::: Input for this task :::

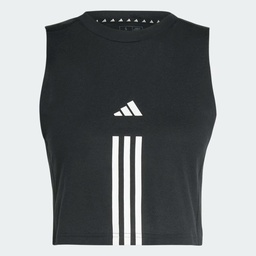 TRAIN ESSENTIALS TRAIN COTTON 3-STRIPES CROP TANK TOP - Black / White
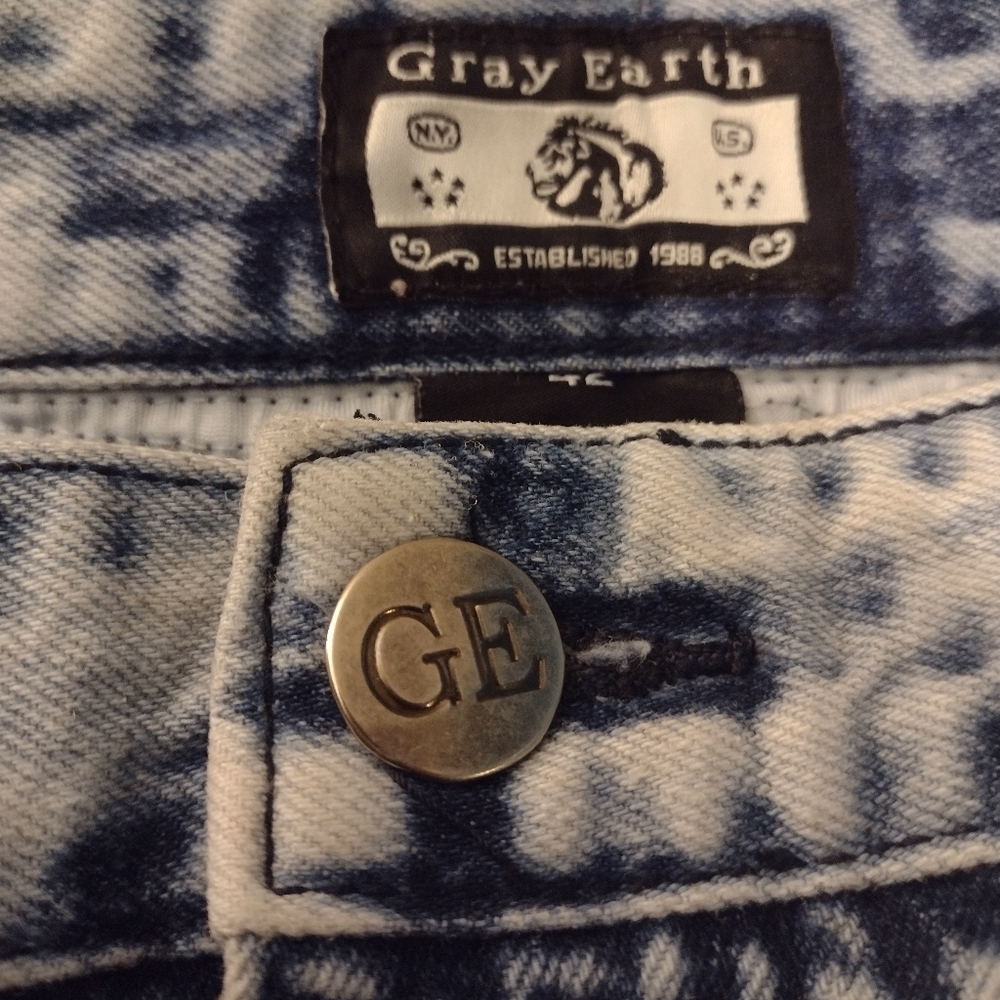 Gray Earth Men's Acid Washed Straight Leg Denim Jeans Sz. W42 - Picture 5 of 16
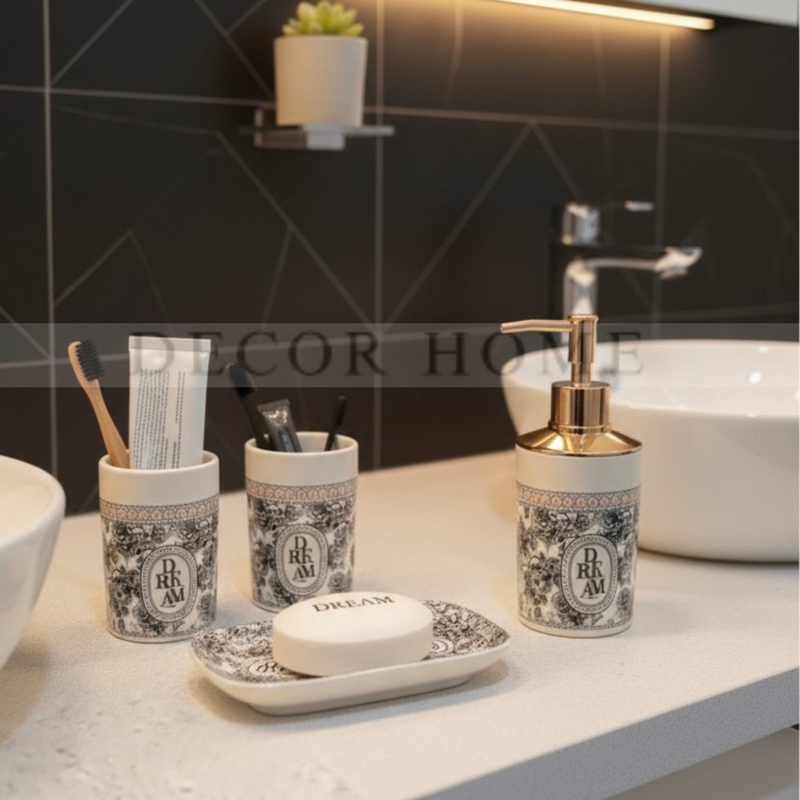 "Dark Dream" Vintage Print Bath Set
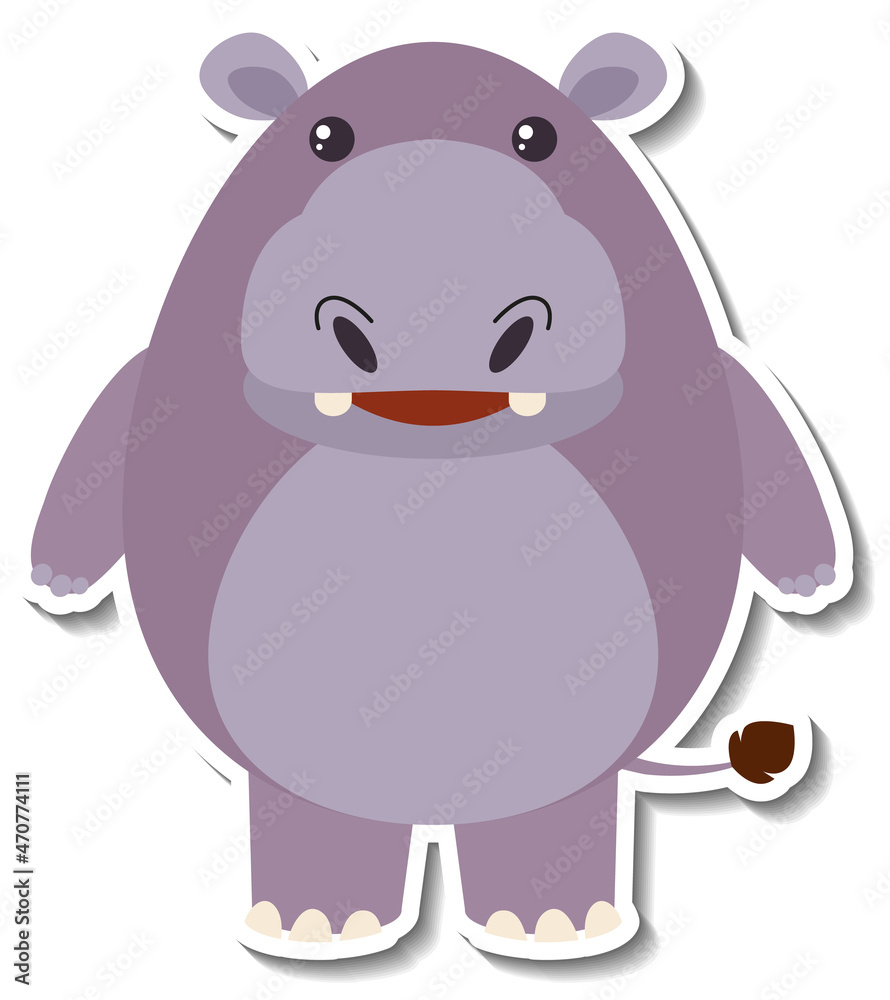 Chubby hippopotamus animal cartoon sticker Chubby hippopotamus animal cartoon sticker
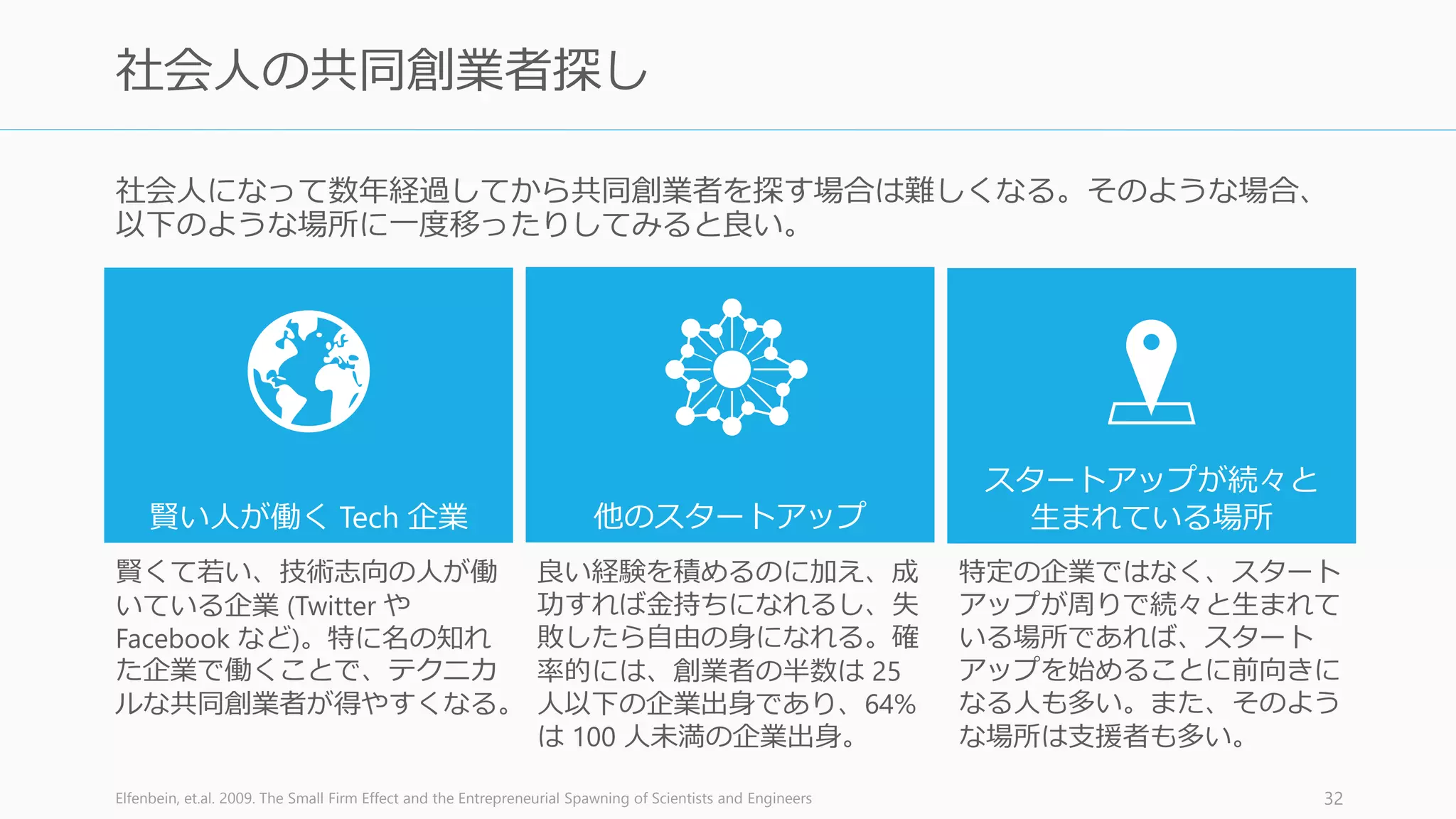 プロジェクトはただ自分の好きなことを、自分の好きな人たちとやろう。そうすればよい
共同創業者が見つかりやすいし、スタートアップのアイデアにもなる。
32
自分の興味あるサイドプロジェクトに一緒に取り組む
大学の友達 会社の同僚 & 古くからの友人
多くの大学や企業では起業に繋がる授業やコン
テストを行っている。そうした場所に共同創業
者候補と一度出てみること。
学校
• 東京大学『アントレプレナー道場』『Todai to
Texas』『FLY Program』
企業
• Microsoft 『Imagine Cup』
スタートアップを立ち上げることがなくても、
自分のプロジェクトに取り組むことは学生時代
の代え難い経験になる。
ハッカソンや週末プロジェクトで短期でも良い
ので一緒に何かを作ってみる。その他コンテス
ト出場を目指して作るなど、締め切りを設ける。
学校（卒業生、関係者受付）
• 東京大学『Todai to Texas』
• 社会人大学院のプログラム等
企業
• 『TechCrunch ハッカソン』『Mashup
Awards』『Google for Nonprofits』など
多くのスタートアップはサイドプロジェクトか
ら生まれたものだったりする。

:::

Task directions → From the first line to the last, output the records exactly without pictures.

Answer space →
 TRAIN ESSENTIALS TRAIN COTTON 3-STRIPES CROP TANK TOP - Black / White
 Gray Earth Men's Acid Washed Straight Leg Denim Jeans Sz. W42 - Picture 5 of 16
 "Dark Dream" Vintage Print Bath Set
 Chubby hippopotamus animal cartoon sticker Chubby hippopotamus animal cartoon sticker
 プロジェクトはただ自分の好きなことを、自分の好きな人たちとやろう。そうすればよい
共同創業者が見つかりやすいし、スタートアップのアイデアにもなる。
32
自分の興味あるサイドプロジェクトに一緒に取り組む
大学の友達 会社の同僚 & 古くからの友人
多くの大学や企業では起業に繋がる授業やコン
テストを行っている。そうした場所に共同創業
者候補と一度出てみること。
学校
• 東京大学『アントレプレナー道場』『Todai to
Texas』『FLY Program』
企業
• Microsoft 『Imagine Cup』
スタートアップを立ち上げることがなくても、
自分のプロジェクトに取り組むことは学生時代
の代え難い経験になる。
ハッカソンや週末プロジェクトで短期でも良い
ので一緒に何かを作ってみる。その他コンテス
ト出場を目指して作るなど、締め切りを設ける。
学校（卒業生、関係者受付）
• 東京大学『Todai to Texas』
• 社会人大学院のプログラム等
企業
• 『TechCrunch ハッカソン』『Mashup
Awards』『Google for Nonprofits』など
多くのスタートアップはサイドプロジェクトか
ら生まれたものだったりする。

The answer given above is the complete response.